• **Try it**
Please restate the material below word for word, from the first line through the one that contains "2853 14 Avenue SW Calgary AB T3C 3W8", inclusive.

• **Records provided**
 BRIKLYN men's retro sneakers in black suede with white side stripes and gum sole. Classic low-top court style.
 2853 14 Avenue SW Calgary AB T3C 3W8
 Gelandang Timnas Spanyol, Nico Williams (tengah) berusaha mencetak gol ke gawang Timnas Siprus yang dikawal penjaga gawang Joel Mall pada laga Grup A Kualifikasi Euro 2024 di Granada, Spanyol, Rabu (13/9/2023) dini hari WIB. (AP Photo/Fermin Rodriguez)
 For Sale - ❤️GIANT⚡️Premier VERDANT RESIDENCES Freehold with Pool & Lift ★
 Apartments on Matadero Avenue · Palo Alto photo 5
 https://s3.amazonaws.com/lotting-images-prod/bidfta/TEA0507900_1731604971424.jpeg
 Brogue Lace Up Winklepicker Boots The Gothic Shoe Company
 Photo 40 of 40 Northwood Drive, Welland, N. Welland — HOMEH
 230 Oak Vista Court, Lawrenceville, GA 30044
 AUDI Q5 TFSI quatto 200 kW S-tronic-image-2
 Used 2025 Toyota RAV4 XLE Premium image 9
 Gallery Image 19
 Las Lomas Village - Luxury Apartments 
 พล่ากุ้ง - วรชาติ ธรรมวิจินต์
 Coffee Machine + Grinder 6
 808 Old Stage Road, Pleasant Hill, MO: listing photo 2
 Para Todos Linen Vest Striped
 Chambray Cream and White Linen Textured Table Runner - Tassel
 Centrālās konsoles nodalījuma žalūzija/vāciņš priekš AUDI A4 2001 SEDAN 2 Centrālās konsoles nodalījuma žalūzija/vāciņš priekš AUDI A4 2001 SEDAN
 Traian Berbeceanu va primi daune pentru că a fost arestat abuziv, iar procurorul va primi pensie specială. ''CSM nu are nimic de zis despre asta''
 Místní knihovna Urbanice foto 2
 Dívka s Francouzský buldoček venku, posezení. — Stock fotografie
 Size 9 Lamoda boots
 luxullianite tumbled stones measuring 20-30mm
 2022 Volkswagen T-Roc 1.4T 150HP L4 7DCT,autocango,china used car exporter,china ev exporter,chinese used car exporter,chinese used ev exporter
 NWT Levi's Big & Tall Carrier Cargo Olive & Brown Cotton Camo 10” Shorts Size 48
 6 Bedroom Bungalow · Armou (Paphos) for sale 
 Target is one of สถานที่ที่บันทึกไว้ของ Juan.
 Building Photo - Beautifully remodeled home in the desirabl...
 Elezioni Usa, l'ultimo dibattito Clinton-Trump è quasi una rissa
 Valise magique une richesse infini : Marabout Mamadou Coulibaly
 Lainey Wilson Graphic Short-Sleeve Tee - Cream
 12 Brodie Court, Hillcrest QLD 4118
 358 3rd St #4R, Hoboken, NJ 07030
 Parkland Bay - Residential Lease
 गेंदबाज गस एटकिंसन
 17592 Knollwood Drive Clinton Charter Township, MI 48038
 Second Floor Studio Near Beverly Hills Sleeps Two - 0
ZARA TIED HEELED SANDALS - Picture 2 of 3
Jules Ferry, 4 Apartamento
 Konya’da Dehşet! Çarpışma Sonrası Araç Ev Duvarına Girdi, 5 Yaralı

• **Answer for the task**
 BRIKLYN men's retro sneakers in black suede with white side stripes and gum sole. Classic low-top court style.
 2853 14 Avenue SW Calgary AB T3C 3W8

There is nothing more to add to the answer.